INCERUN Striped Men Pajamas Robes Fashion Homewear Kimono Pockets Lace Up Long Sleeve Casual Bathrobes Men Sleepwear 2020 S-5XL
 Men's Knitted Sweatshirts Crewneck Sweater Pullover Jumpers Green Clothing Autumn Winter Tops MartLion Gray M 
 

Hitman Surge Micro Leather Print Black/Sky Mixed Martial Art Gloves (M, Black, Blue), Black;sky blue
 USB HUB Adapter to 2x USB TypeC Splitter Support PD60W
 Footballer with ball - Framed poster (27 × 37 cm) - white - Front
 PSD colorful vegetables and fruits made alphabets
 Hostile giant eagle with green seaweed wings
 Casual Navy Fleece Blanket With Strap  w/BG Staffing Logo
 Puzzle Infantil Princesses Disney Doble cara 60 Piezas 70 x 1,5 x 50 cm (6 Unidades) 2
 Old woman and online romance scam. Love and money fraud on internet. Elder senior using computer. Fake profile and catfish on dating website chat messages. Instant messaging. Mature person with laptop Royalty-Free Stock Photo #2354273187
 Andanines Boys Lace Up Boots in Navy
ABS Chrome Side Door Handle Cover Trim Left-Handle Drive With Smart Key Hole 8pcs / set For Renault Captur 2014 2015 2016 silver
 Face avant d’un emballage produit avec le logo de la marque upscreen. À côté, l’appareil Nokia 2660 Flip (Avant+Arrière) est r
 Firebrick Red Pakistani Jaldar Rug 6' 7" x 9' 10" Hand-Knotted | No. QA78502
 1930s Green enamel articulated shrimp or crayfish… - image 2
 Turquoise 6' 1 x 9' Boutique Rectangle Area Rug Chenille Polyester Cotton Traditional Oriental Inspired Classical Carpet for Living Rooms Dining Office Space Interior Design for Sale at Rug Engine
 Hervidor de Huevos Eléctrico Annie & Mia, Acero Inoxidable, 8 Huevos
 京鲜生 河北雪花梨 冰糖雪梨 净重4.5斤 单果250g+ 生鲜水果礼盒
--------------------------------
About this task
Where the listing above reaches the line that contains "Men's Knitted Sweatshirts", start retyping, and finish with the line that contains "1930s Green enamel"; reproduce those lines exactly and no others.

Your response
 Men's Knitted Sweatshirts Crewneck Sweater Pullover Jumpers Green Clothing Autumn Winter Tops MartLion Gray M 
 

Hitman Surge Micro Leather Print Black/Sky Mixed Martial Art Gloves (M, Black, Blue), Black;sky blue
 USB HUB Adapter to 2x USB TypeC Splitter Support PD60W
 Footballer with ball - Framed poster (27 × 37 cm) - white - Front
 PSD colorful vegetables and fruits made alphabets
 Hostile giant eagle with green seaweed wings
 Casual Navy Fleece Blanket With Strap  w/BG Staffing Logo
 Puzzle Infantil Princesses Disney Doble cara 60 Piezas 70 x 1,5 x 50 cm (6 Unidades) 2
 Old woman and online romance scam. Love and money fraud on internet. Elder senior using computer. Fake profile and catfish on dating website chat messages. Instant messaging. Mature person with laptop Royalty-Free Stock Photo #2354273187
 Andanines Boys Lace Up Boots in Navy
ABS Chrome Side Door Handle Cover Trim Left-Handle Drive With Smart Key Hole 8pcs / set For Renault Captur 2014 2015 2016 silver
 Face avant d’un emballage produit avec le logo de la marque upscreen. À côté, l’appareil Nokia 2660 Flip (Avant+Arrière) est r
 Firebrick Red Pakistani Jaldar Rug 6' 7" x 9' 10" Hand-Knotted | No. QA78502
 1930s Green enamel articulated shrimp or crayfish… - image 2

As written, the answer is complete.